**PROBLEM DETAILS:**
Everything in the data should be repeated exactly, save for the images.

*** Opening GIVEN DATA ***

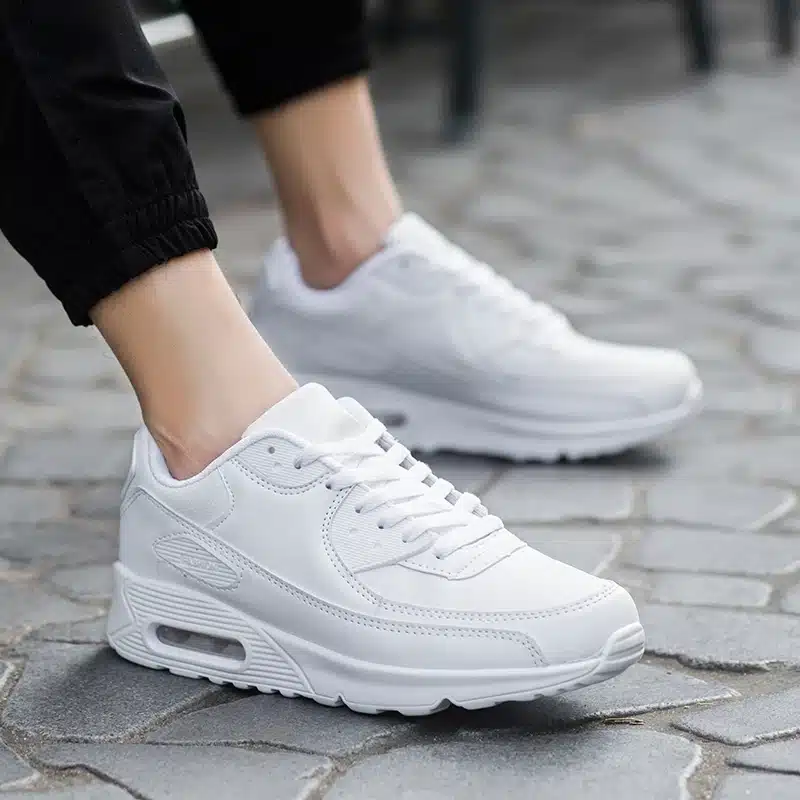 Women running shoes 2018 new outdoor men sport shoes breathable mesh soft athletics Jogging sport women sneaker shoes woman 30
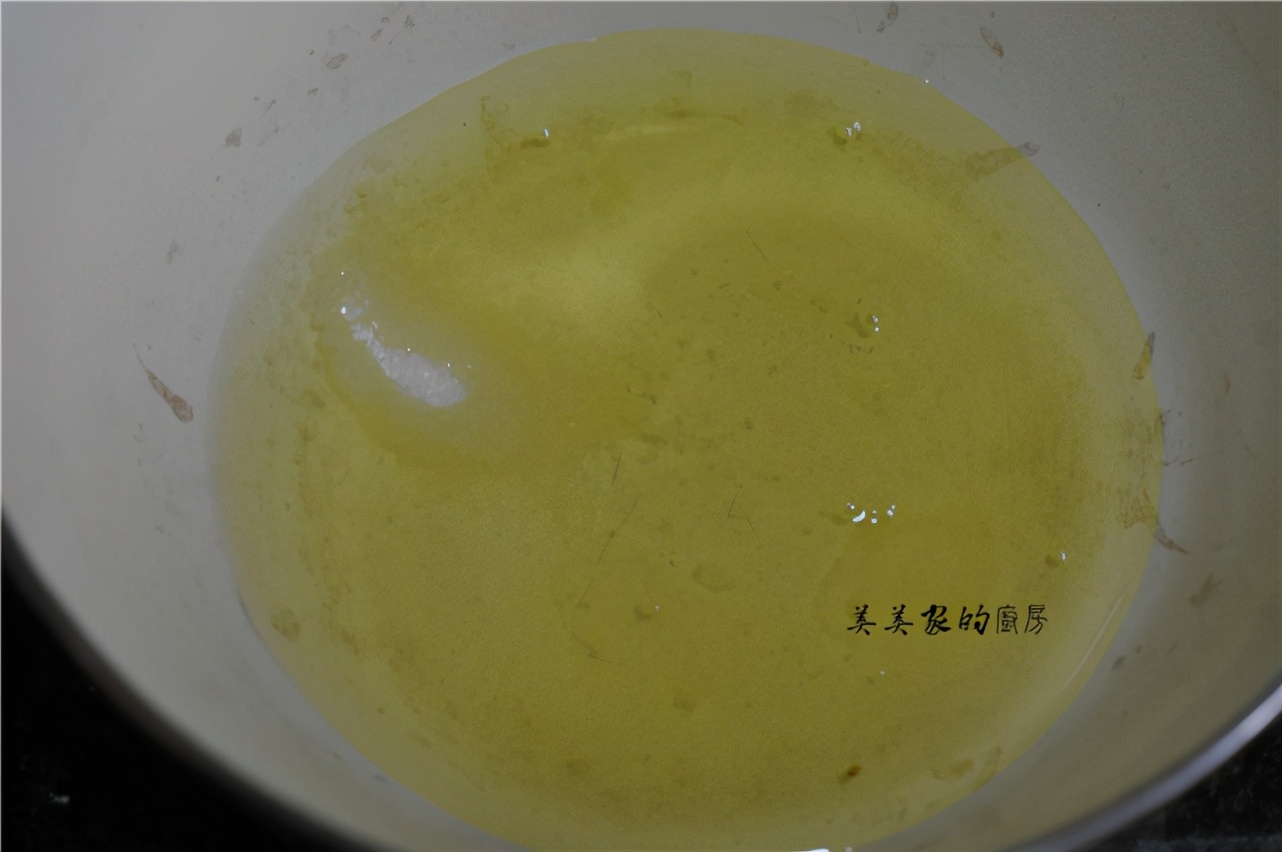 做蛋糕，我從不用麵粉，這樣做，隨意攪拌不起筋，好吃不長肉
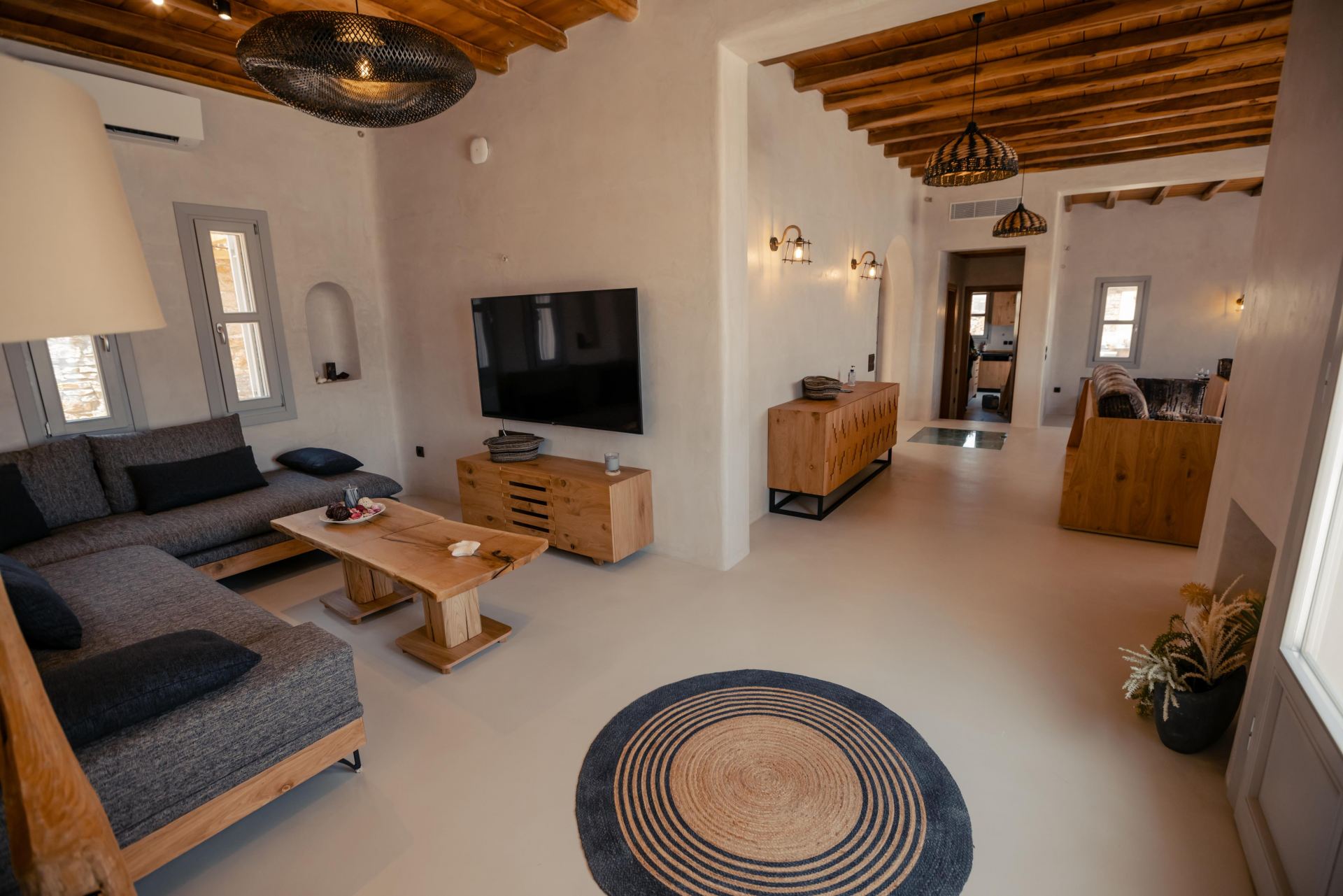 Villa Sapphire Black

*** Closing GIVEN DATA ***

**REPLY:**
 Women running shoes 2018 new outdoor men sport shoes breathable mesh soft athletics Jogging sport women sneaker shoes woman 30
 做蛋糕，我從不用麵粉，這樣做，隨意攪拌不起筋，好吃不長肉
 Villa Sapphire Black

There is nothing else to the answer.